• _Your goal_:
Using the data below, transcribe exactly everything from the line that contains "Building Photo - COMING" down to the line that contains "Porton trasero KIA CARENS (UN) 3". Include both of those lines and none of the pictures.

• _Material supplied_:

——————

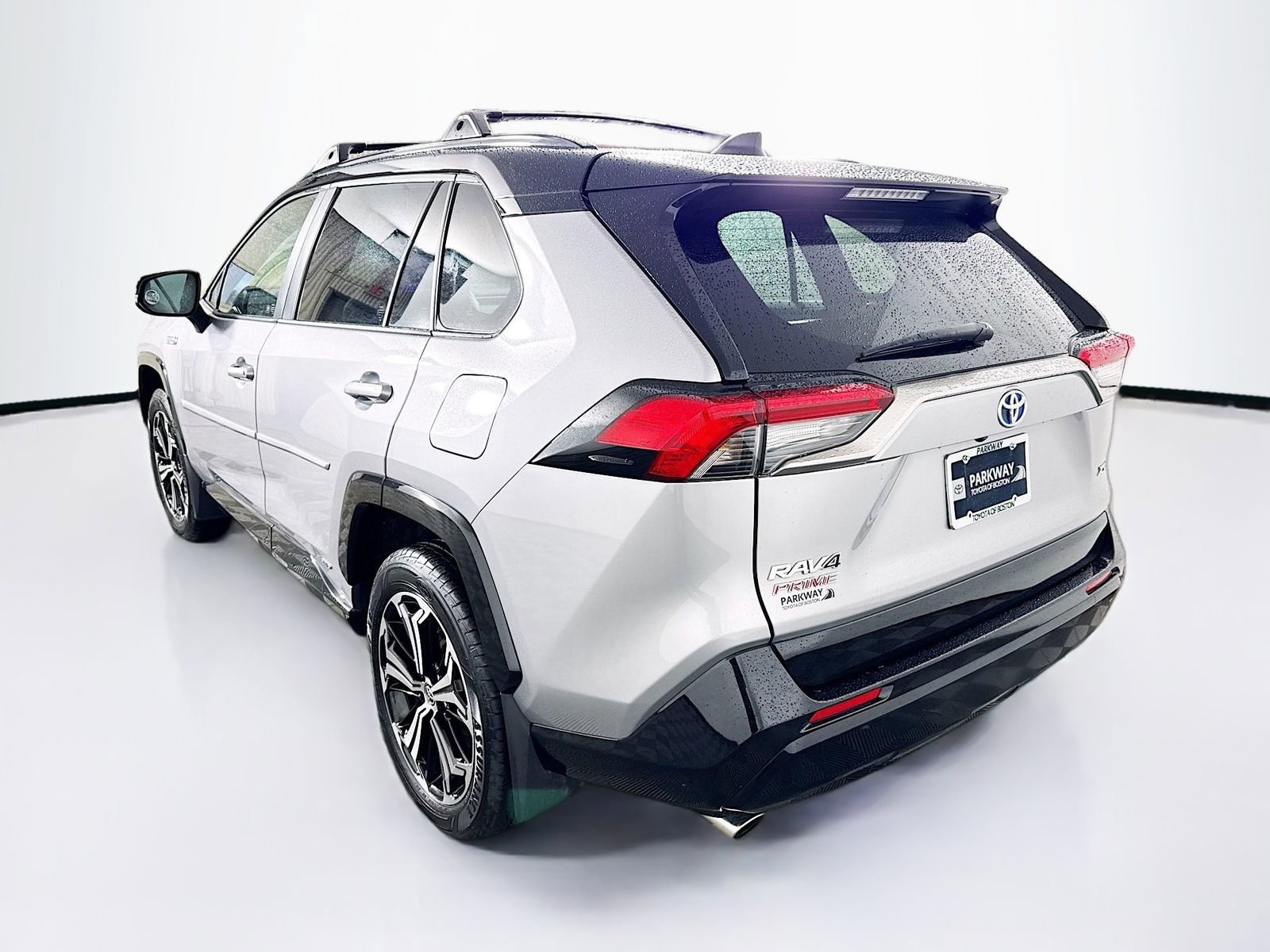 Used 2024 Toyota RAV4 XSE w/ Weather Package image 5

——————

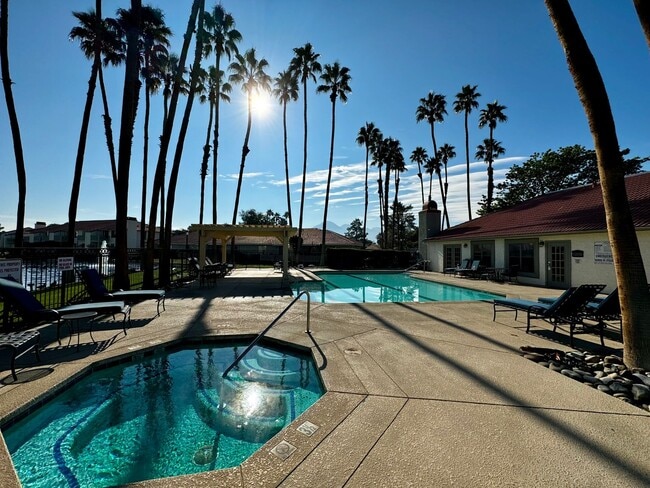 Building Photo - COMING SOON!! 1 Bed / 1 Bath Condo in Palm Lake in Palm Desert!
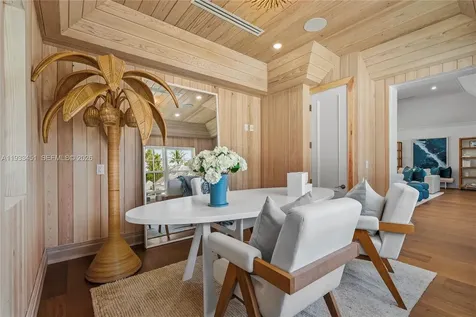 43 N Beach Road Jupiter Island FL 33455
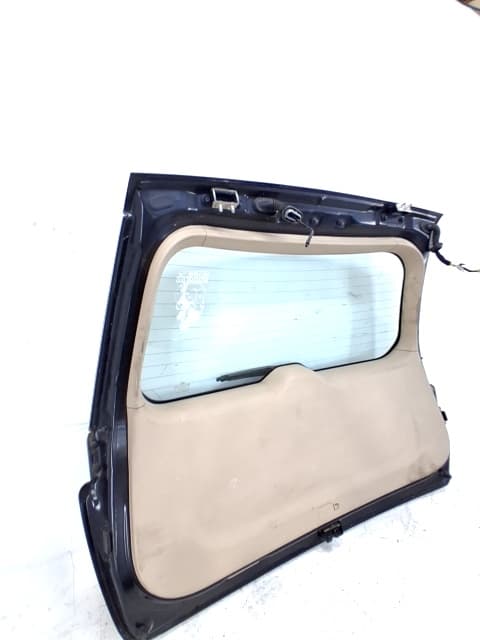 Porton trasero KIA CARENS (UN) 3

——————

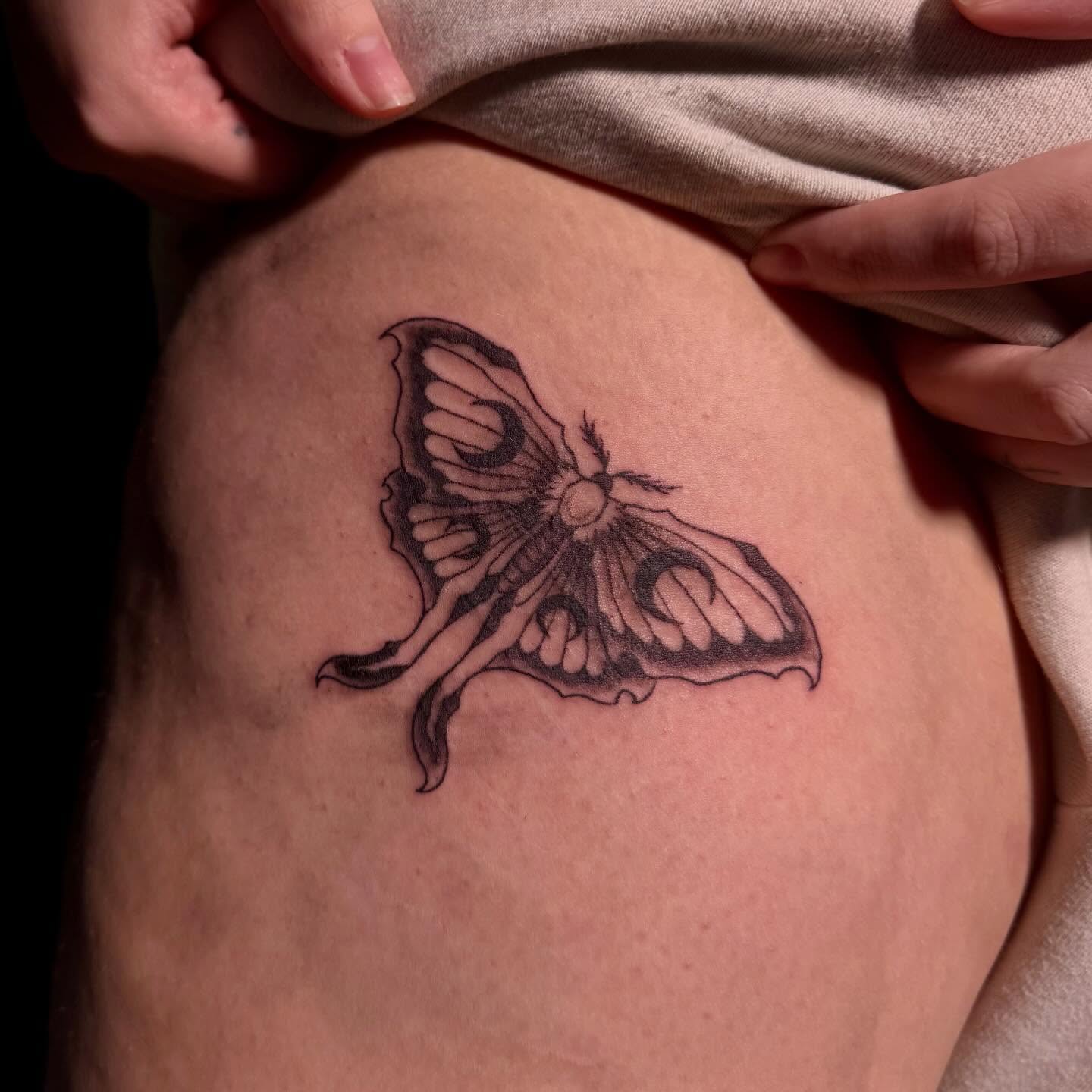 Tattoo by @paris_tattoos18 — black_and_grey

——————

• _Result of this exercise_:
 Building Photo - COMING SOON!! 1 Bed / 1 Bath Condo in Palm Lake in Palm Desert!
 43 N Beach Road Jupiter Island FL 33455
 Porton trasero KIA CARENS (UN) 3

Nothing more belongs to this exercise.